Problem description
Every line of the listing below should be written out exactly, minus its images.

Input data
++++++++

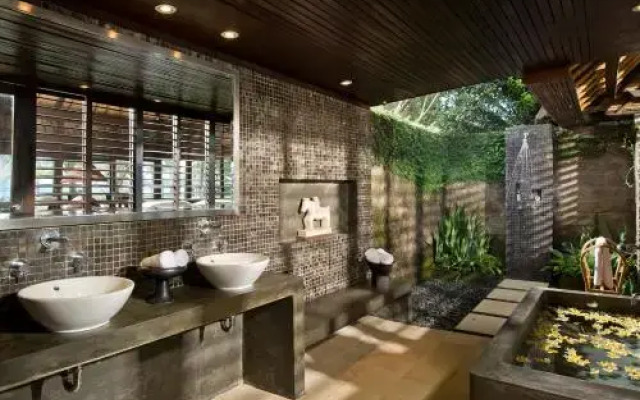 Villa Atas Ombak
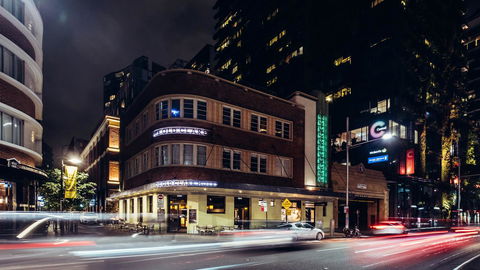 The Old Clare Hotel, Independent Collection By EVT - Accommodation Main Beach 13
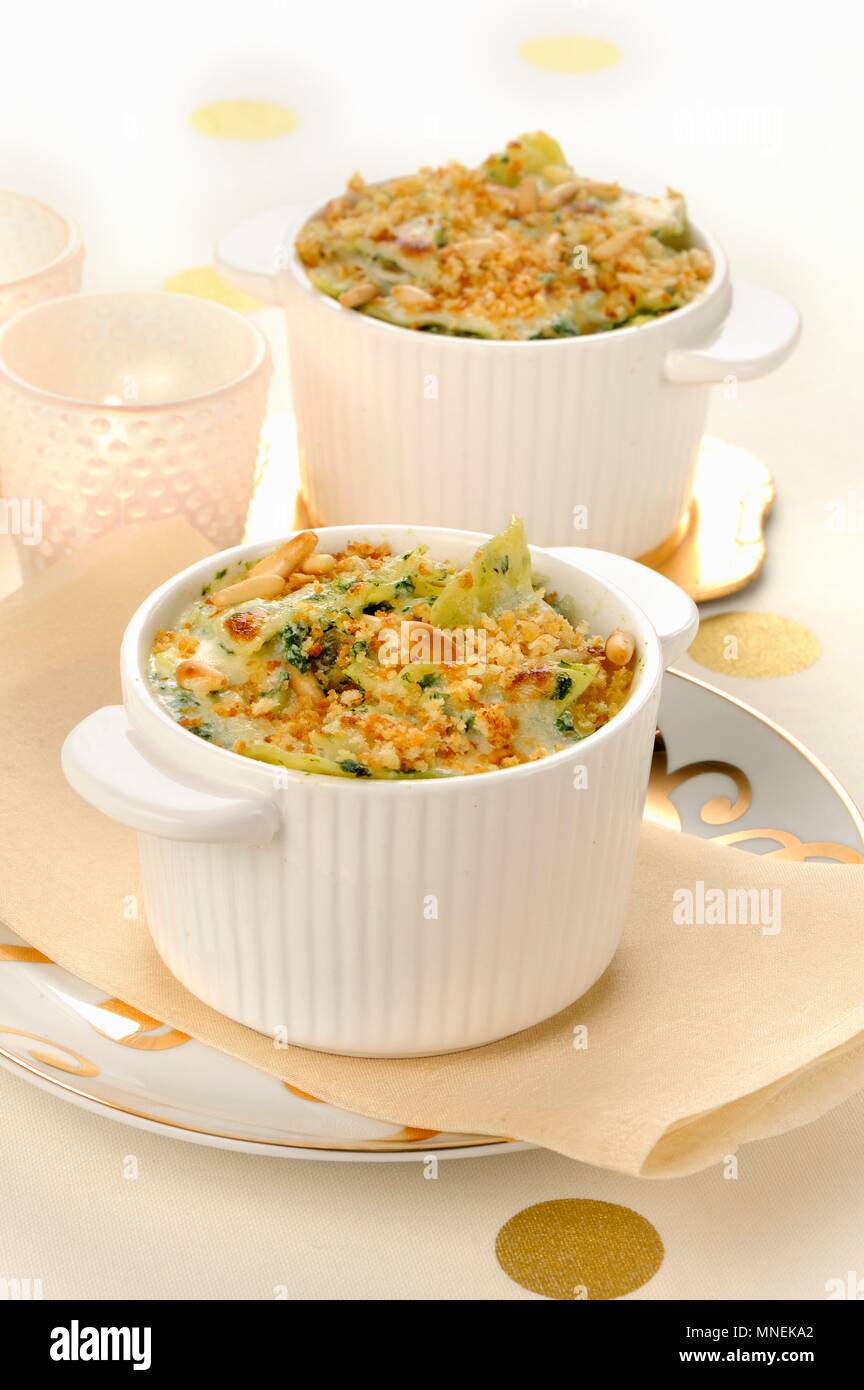 Le bietole e ricotta cuoce Foto Stock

++++++++

Reply to the exercise
 Villa Atas Ombak
 The Old Clare Hotel, Independent Collection By EVT - Accommodation Main Beach 13
 Le bietole e ricotta cuoce Foto Stock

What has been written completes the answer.